For n in N (Natural Numbers) …

a) 7 | 5²ⁿ + 3 (2^{5n - 2})
…
Since I'm in the Natural numbers, fractions do not exist, so how do I treat 2^{5n - 2} when n = 0 ?

some people include 0 in the natural numbers, and some don't

clearly, this question doesn't

see http://en.wikipedia.org/wiki/Natural_numbers#Notation for a discussion

 

[trap101]

ahh this is true. I gather you would deduce this from the fact that I would have been stuck with a fraction if n = 0 did exist? So if n = 0 was included in the natural numbers for this question, would the question even be answerable?

 

[alanlu]

7 is a prime number, so Z₇ is a finite field, and each non-zero element thus has a multiplicative inverse. You would treat 2^-2 as 4 * 4 mod 7 in this case.

 

[trap101]

ok thanks

 

[trap101]

I had another quick question pertaining to this sort of question. The question asked me to establish that the above expression is true. Is the only way I can establish its truth by using a mod table or is there another method?

 

[alanlu]

You can just prove it...? A mod table is useful for determining values and looking at the overall structure of a Z_n ring, but is not strictly necessary.

Also, consider this for 2 and 5: http://en.wikipedia.org/wiki/Multiplicative_order

 

[Deveno]

For n in N (Natural Numbers), use modular arithemetic to establish each of the following divisibility statements:

a) 7 | 5²ⁿ + 3 (2^{5n - 2})

Attempt: Well I've set up a mod 7 table and was figuring out the values from n = 0,...6 for the two individual expressions, then I was going to combine them. But I of course hit a rough patch when I got to 2^{5n - 2}. Since I'm in the Natural numbers, fractions do not exist, so how do I treat 2^{5n - 2} when n = 0 ?

you shouldn't have to use a table.

5²ⁿ = (5²)ⁿ, whether mod 7 or not.

but mod 7, we can reduce 5² = 25 to 4. that is:

5²ⁿ = 4ⁿ (mod 7).

now 3(2^5n-2) = 3(2⁵)ⁿ(2^-2).

reduce everything on the right you can mod 7,

you will have (3)(somethingⁿ)(4²) (mod 7).

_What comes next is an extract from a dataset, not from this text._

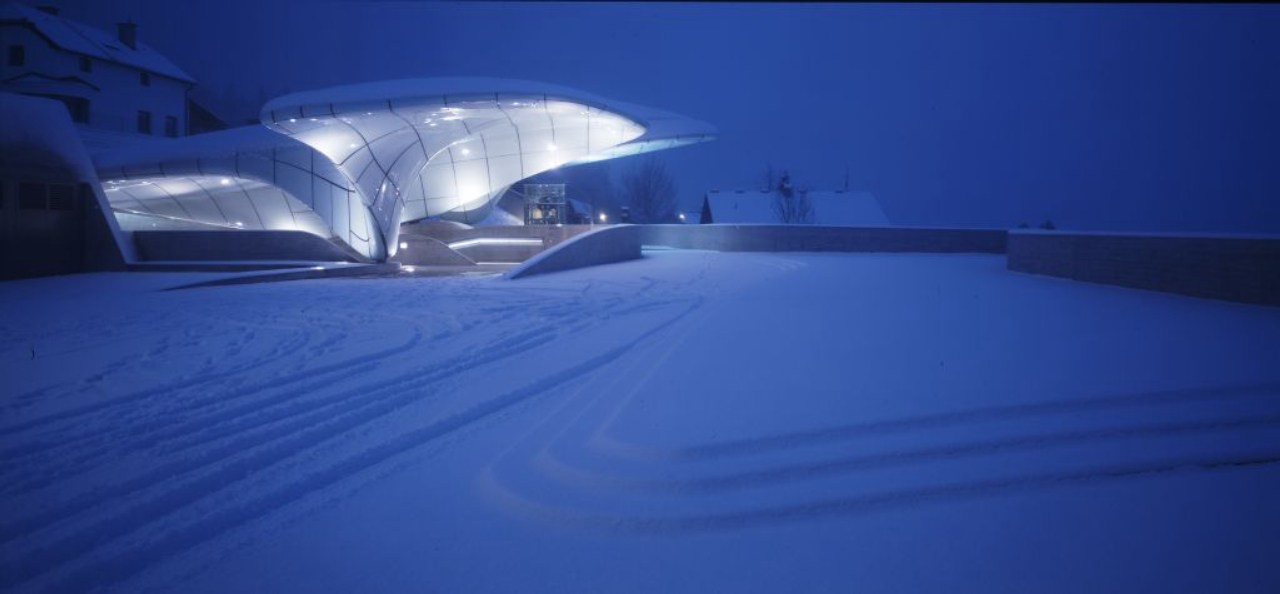 Estação de trem Nordpark, em Innsbruck, na Áustria, inspirada em formações naturais de gelo da região montanhosa em que está localizada.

if you did everything right, you should be able to add the terms and it will be obvious what you have is equal to 0 mod 7, thus proving the orginial statement.

 

[trap101]

you shouldn't have to use a table.

5²ⁿ = (5²)ⁿ, whether mod 7 or not.

but mod 7, we can reduce 5² = 25 to 4. that is:

5²ⁿ = 4ⁿ (mod 7).

now 3(2^5n-2) = 3(2⁵)ⁿ(2^-2).

reduce everything on the right you can mod 7,

you will have (3)(somethingⁿ)(4²) (mod 7).

if you did everything right, you should be able to add the terms and it will be obvious what you have is equal to 0 mod 7, thus proving the orginial statement.

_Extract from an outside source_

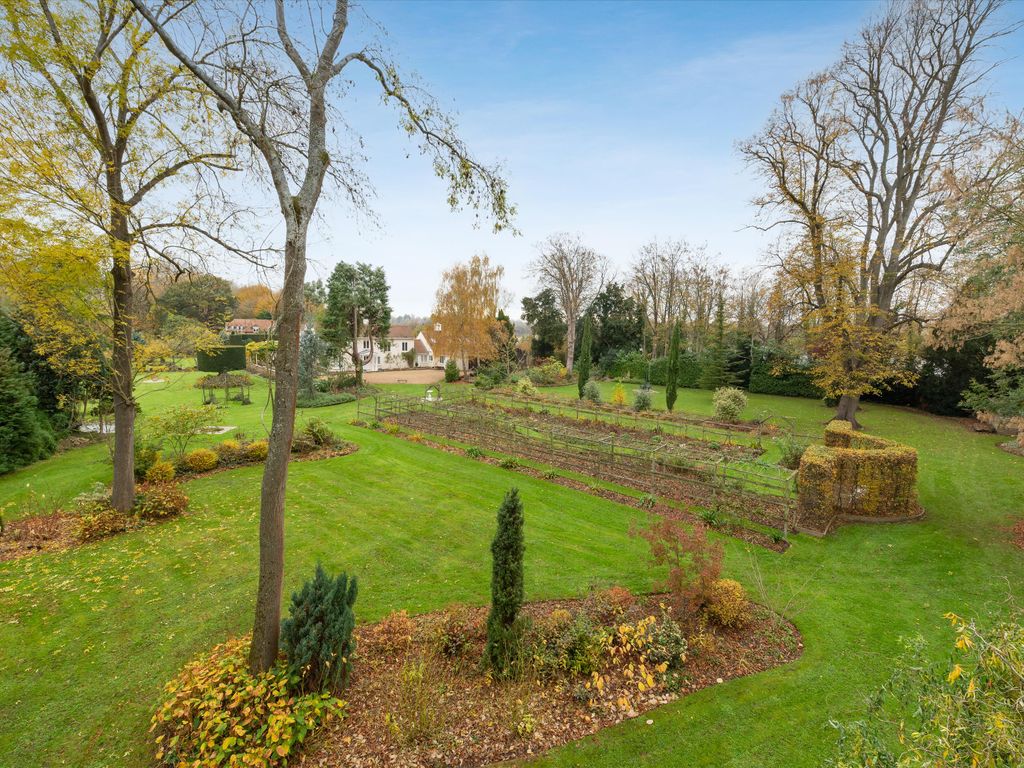 5 bed detached house for sale in Staines Road, Wraysbury, StainesUpon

Thanks. I got an answer, but my approach was a long winded table. Now I was trying to reduce how you suggested and I got (3)(4ⁿ 4² (mod 7).

I made bold the 4² because I don't see where you got that from, as well what happened to the 2^-2 portion?

Now adding up these congruences I got 4ⁿ(1 + 19)...should that have been 4ⁿ(1+20), to get 21 and thus proving divisibility by 7?

 

[Deveno]

Thanks. I got an answer, but my approach was a long winded table. Now I was trying to reduce how you suggested and I got (3)(4ⁿ 4² (mod 7).

I made bold the 4² because I don't see where you got that from, as well what happened to the 2^-2 portion?

Now adding up these congruences I got 4ⁿ(1 + 19)...should that have been 4ⁿ(1+20), to get 21 and thus proving divisibility by 7?

mod 7, we have:

(2)(4) = 8 = 1 (mod 7).

therefore 2^-1 = 4

4 is the ONLY number x in {1,2,3,4,5,6} with this property: 2x = 1 (mod 7), which you may check if you like. it therefore makes sense to speak of 4 as THE inverse for 2 (mod 7).

so if 2^-1 = 4 (mod 7)

then 2^-2 = (2^-1)² = 4² (mod 7).

it may come as no surprise that we can "multiply mod n". what IS no doubt surprising, is sometimes, we can also "divide mod n".

in fact, if n is prime (as 7 so conveniently happens to be), we can divide by any non-zero residue class. that is, the integers modulo p (where p is prime) form a FIELD.

mod 7 we have:

1^-1 = 1
2^-1 = 4
3^-1 = 5
4^-1 = 2
5^-1 = 3
6^-1 = 6.

now, to finish "my approach" what is 16 (mod 7), and therefore, what is (3)(4²) (mod 7)?